JOY, N.Y. — If you ask Bruce Farrington, not much has changed in the Hamlet of Joy in Wayne County since the 1800s, and he thinks the former resident of this house would agree.
“Maybe he’d be happy that the road is paved, but I don’t think he’d be that surprised much hasn’t changed," said Farrington.
The person he's talking about is General Gordon Granger. If that name doesn’t ring a bell, you’re not alone. Farrington says that even people who grew up across the street don’t know about this history here.
"We want to educate local people that this house and Gordon Granger played a pivotal role in our history," said Farrington.
Gen. Granger issued General Order No. 3 in Galveston, Texas, on June 19, 1865. This is the order that freed the remaining slaves, starting the celebration of the Juneteenth holiday.
It’s something Farrington spent the last couple of years working to make known. It's work that’s gone into a historical marker.
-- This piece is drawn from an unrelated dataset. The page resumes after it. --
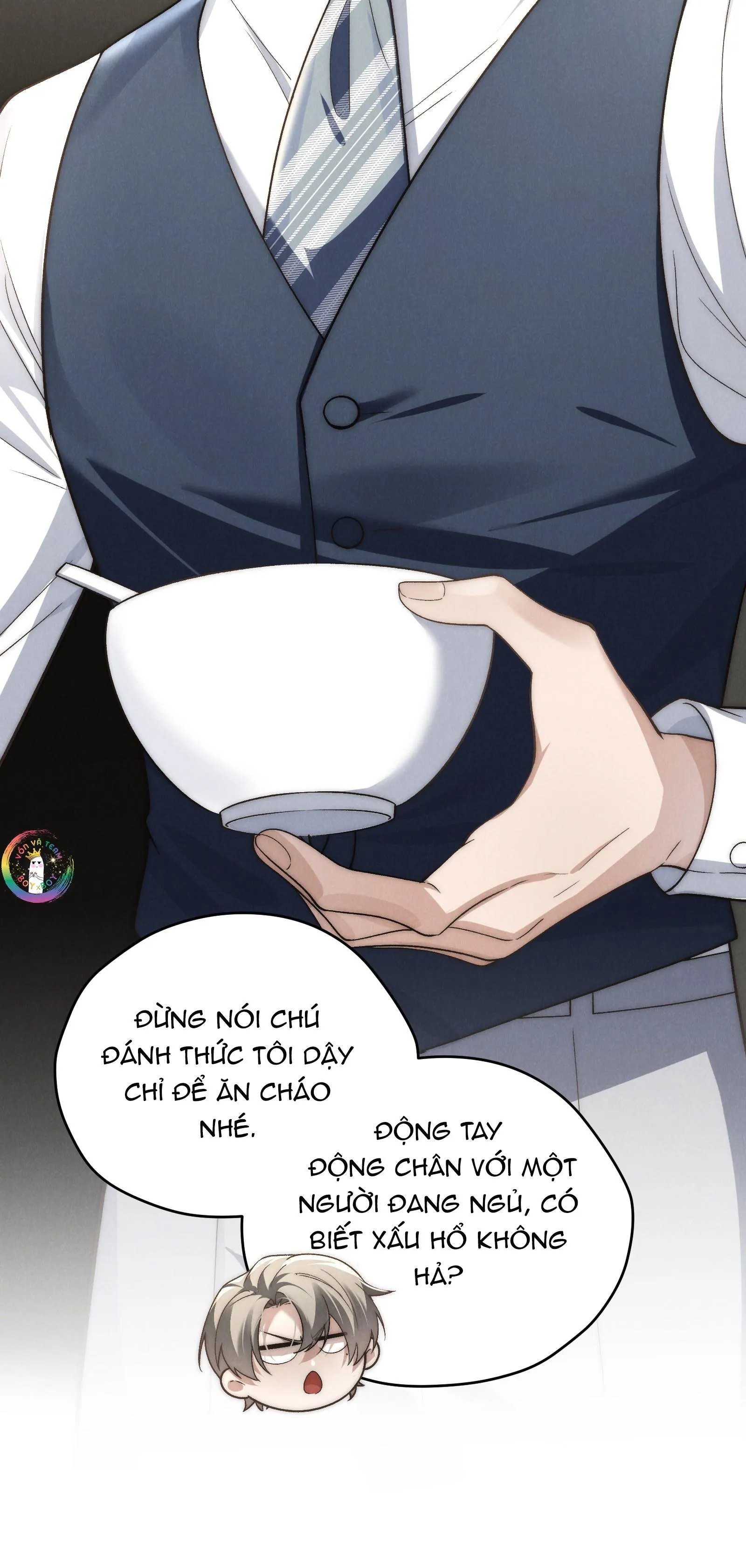 (END) Thiếu Gia Hư Hỏng Chapter 46 Trang 19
"This sign, when I look at it represents a lot of research," Farrington said.
Every sentence on the sign tells Granger's story — a story that Farrington says Hollywood couldn’t even write.
“If you wrote a script about where would you like the name of the place of the guy who read the order that brought so much joy to them to be from, you couldn’t pick a better place than Joy, New York," said Farrington.